MONROVIA, Liberia—This is a city that desperately wants to shake off Ebola and get on with life.
The massive billboards warning of infection and imploring people to wash their hands and monitor fevers still loom everywhere, but they’ve lost visual punch, fading into the kaleidoscope of a busy cityscape.
A population warned about physical proximity touches and holds hands and elbows, crowding together as readily as in any other teeming metropolis. Children scatter across intersections, hawking wrapped candies or fried plantains through car windows. Motorcyclists dart through traffic, weighed down with paying riders who cling tightly for dear life, four to a bike.
Where major paved arteries give way to capillaries of rutted dirt roads and congested neighborhoods, the poor populations seem too busy for the measures aimed at defeating Ebola.
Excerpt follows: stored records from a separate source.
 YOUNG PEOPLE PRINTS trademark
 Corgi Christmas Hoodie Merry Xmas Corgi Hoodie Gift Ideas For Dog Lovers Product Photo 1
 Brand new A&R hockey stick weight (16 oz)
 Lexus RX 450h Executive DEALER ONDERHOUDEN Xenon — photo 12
“Let’s be realistic,” US Ambassador Deborah Malac says. “It’s very hard for human beings to bear down and focus so intensely over an extremely long period of time. It becomes difficult. It’s hard on people.”
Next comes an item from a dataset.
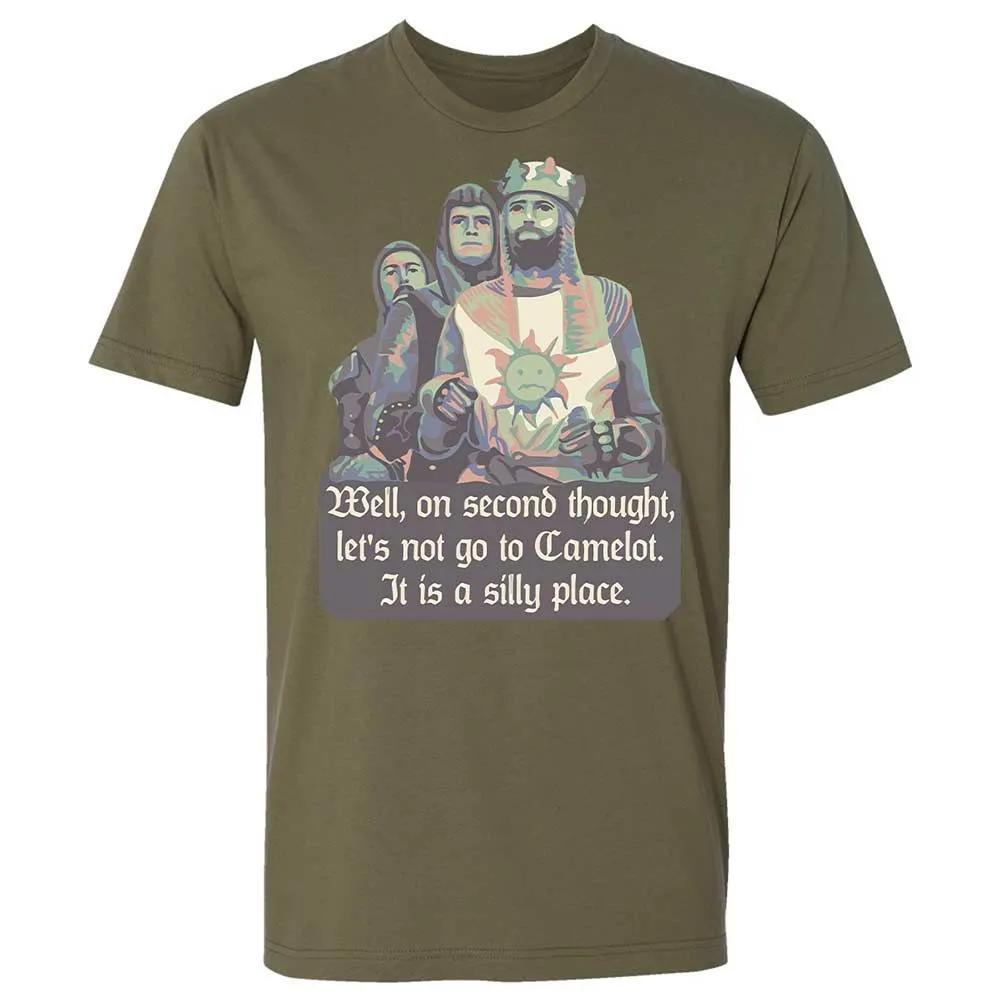 Knights of the Round table - Military Green - 12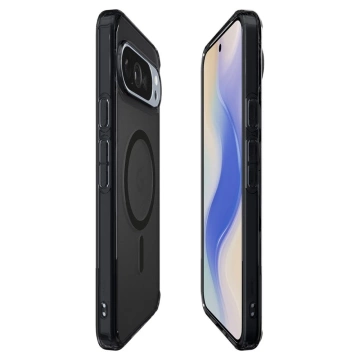 Etui Ochronne do Google Pixel 10 Pro XL Spigen Ultra Hybrid Mag MagSafe Frost Black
The epidemic has eased in Liberia, but it isn’t over. Nearby Sierra Leone and Guinea remain in the thick of the disease. In Monrovia, living with a virus that kills 60 percent of those it infects, even if the infection rate has dropped, cannot become “the new normal,” says Kevin DeCock, head of a Centers for Disease Control and Prevention team.
“The danger is of complacency,” he worries, “accepting the unacceptable.”
When the epidemic was at its worst in this capital city, as bodies lay in the streets and the sick lined up at overflowing treatment clinics, people saw the sickness as an imminent danger and responded.
Now, Ebola is largely tucked out of sight in partially filled clinics, or it claims individual victims lost in vast slums.
As it has from the beginning, the Red Cross moves out in convoys to recover and incinerate bodies to fight Ebola.
Because Monrovians are so eager to put the crisis behind them, the process of body removal is becoming trickier and even threatening at times, says Victor Lacken, a Red Cross spokesman.
I joined a retrieval effort on Monday in Paynesville, a sector that was true to the sound of its name on that day. The family of Isatu Baryougar, 22, who died on Sunday, five days after falling ill, was an emotional wreck. The relatives stood together in a small clutch, eyes wet with tears.
Isatu’s sister, Princess Baryougar, went from tears to hysteria as her sister’s body was carried away in an orange body bag by moon-suited Red Cross workers. She ran, leaping into the air until she finally collapsed on the ground, a blank look on her face, as the bag was lifted into the back of a Red Cross Nissan pickup.
Her personal devastation was only the beginning. Members of her family shouted at one another in a dispute over whether Isatu’s body should be taken.
The cultural tradition is burial, and some relatives were enraged about the decision to give up her body to the Red Cross for cremation.
As workers began the tedious process of safely removing their protective suits, rinsing with chlorine and water to guard against infection, scores from the neighborhood gathered in the dirt pathways between homes, and their angry murmurings grew louder.
Some said it was unclear what killed Isatu Baryougar, that it may not have been Ebola. The mere presence of Red Cross trucks, which had arrived with sirens blaring, stigmatized the neighborhood, marking its residents as people to be shunned.
This was unfair, some called out. One man stepped forward, belligerently demanding that the Red Cross leave immediately.
“They don’t call us the Red Cross anymore,” Lacken said, nervously eyeing the growing dissent. “They call us the Ebola people.”
Monrovians don’t want Ebola around any more. They want to move on.